Today being the auspicious occasion of Janmastami/Gokulashtami, I thought what better day to "get back" to my blog than this :)
My earliest memories of this festival are of my sister and me getting dressed as "gopikas" (much against our wishes I might add) and sitting at the local park which would be decorated and crowded with the local kiddie gang dressed up in whatever the occasion called for and depicting scenes from Lord Krishna's life! I am sure we must have found it fun the first time or so, but I tell you, it got boring (and embarrassing) real fast! That was when we lived in the northern part of India
Another memory is of amma making the "Krishnar kaal" kolam - rice flour foot prints representing baby Krishna walking in from the entrance right upto the place of worship. This is a tradition I follow. When my little one was still in his baby/toddler days, I would use his feet to make the prints, later I used my hands ofcourse!
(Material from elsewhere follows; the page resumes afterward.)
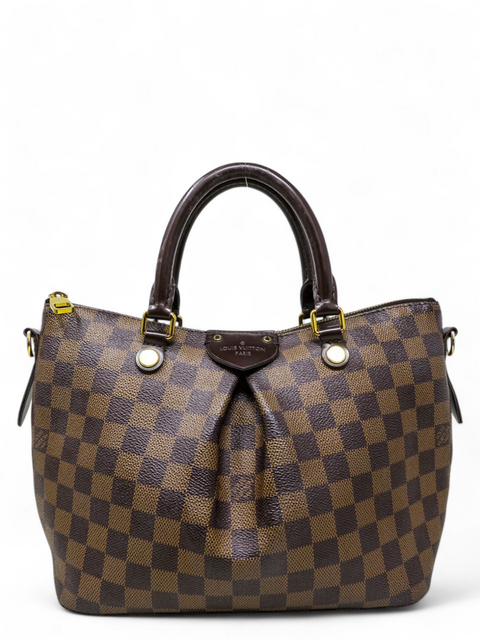 Bolso "Damier Ebene Siena PM"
The years spent in Mumbai hold memories of "Dahi handi" - it always amazes me to see the human pyramids formed by all these Govindas while they are splashed by water, not just by the monsoon Gods, but also by the human spectators. It sure is a thrill to see them reach out into the skies, so high, oh so high, to break the matki and collect their prize!
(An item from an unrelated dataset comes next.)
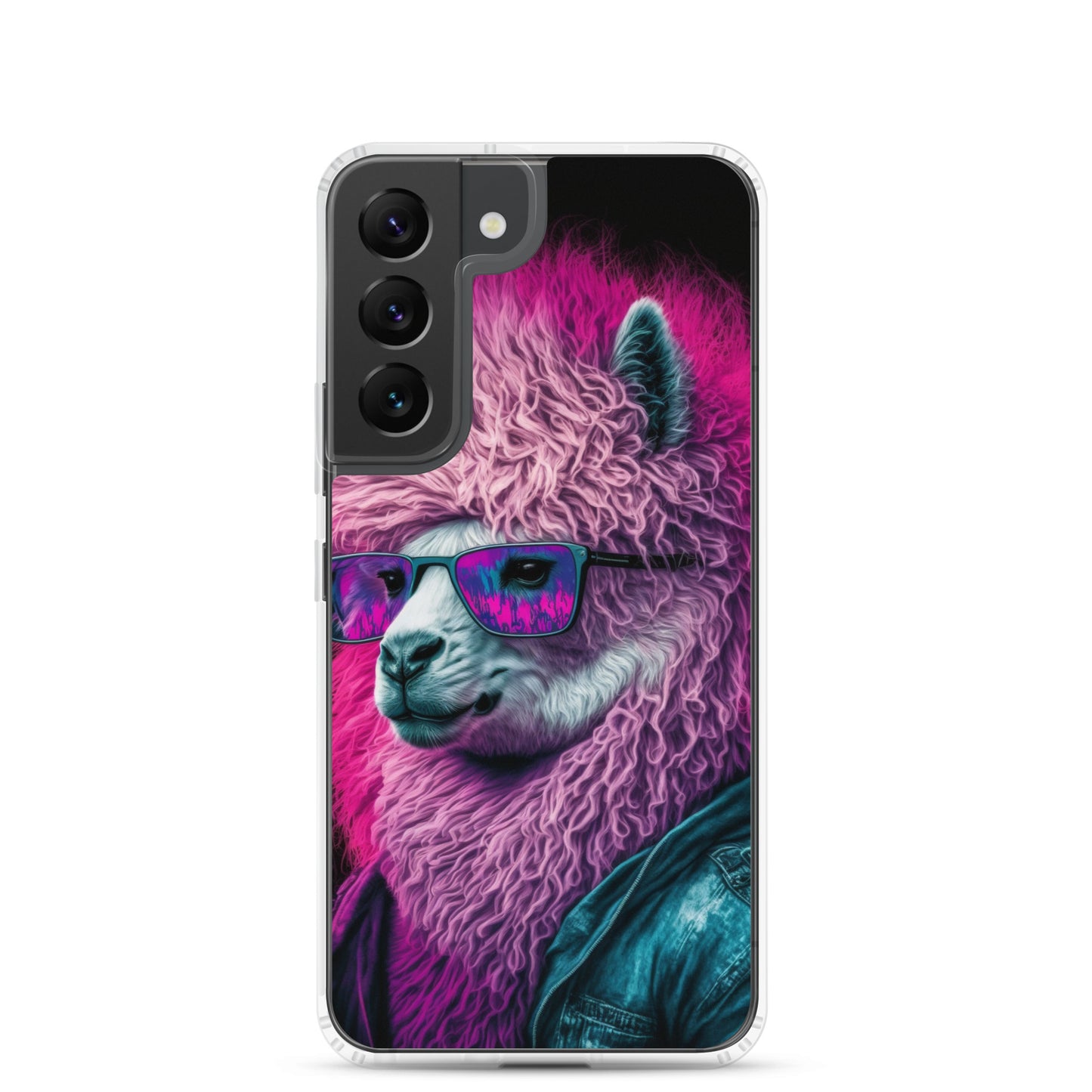 Samsung Case - Synthwave Smooth Llama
And then there is all the stuff we get to eat! Thats one good thing about us Hindus - I mean we have got tons of festivals to celebrate and each comes with its own set of munchies to be prepared. Our deities sure were foodies. Take Lord Krishna - he loved milk products. His affinity for butter earned him the name of "Maakhan Chor" literally translated to "Butter Thief"!
My mom used to make a lot of yummy goodies for neivedyam. Typically butter, poha, milk, sugar, fruits, appam, uppu and vella cheedai, paayasam, ribbon etc are offered. This year, I skipped the ribbon and paayasam.
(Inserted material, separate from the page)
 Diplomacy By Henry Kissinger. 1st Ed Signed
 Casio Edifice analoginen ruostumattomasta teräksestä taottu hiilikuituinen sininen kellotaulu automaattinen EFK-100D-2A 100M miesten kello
So, here I am with the recipe of one of the things made on this festival - atleast by us Tam Brams - Uppu Cheedai. Well, I usually write recipes of sweets associated with a festival, this time, for a change, I thought, why not pick a savory item.
Preparation & Cooking: 20 minutes Makes: 40-45
Rice Flour - 1 cup
Urad Dal (Black Gram) Powder - 2 tablespoons
Hing/Asafoetida - ¼ teaspoon
Sesame Seeds (White) - 1 teaspoon
Shredded Coconut - 1 tablespoon
Unsalted Butter - 2 tablespoons (melted)
Water - to make dough
Salt - To taste
Coconut Oil - 1 teaspoon (for kneading)
Oil - For deep frying
- Dry roast the rice flour for a minute or so, don't let it change color.
- Dry roast the urad dal powder till it turns a reddish tinge.
- Sieve the flours and knead it into a dough after adding everything except the oil for deep frying.
- Roll the dough into tiny balls, set them aside for 10 minutes, then fry them to a golden brown.
Drain them out on absorbent paper and eat - no wait, it was for neivedaym right? Offer it to Lord Krishna and then enjoy! Store the cheedais in an air tight container after they have cooled down.
Set aside the rolled cheedais for a few minutes before frying. I do this so as to prevent the oil from bursting. Uppu cheedais are notorious for spluttering hot oil everywhere, so I always keep a distance while frying them!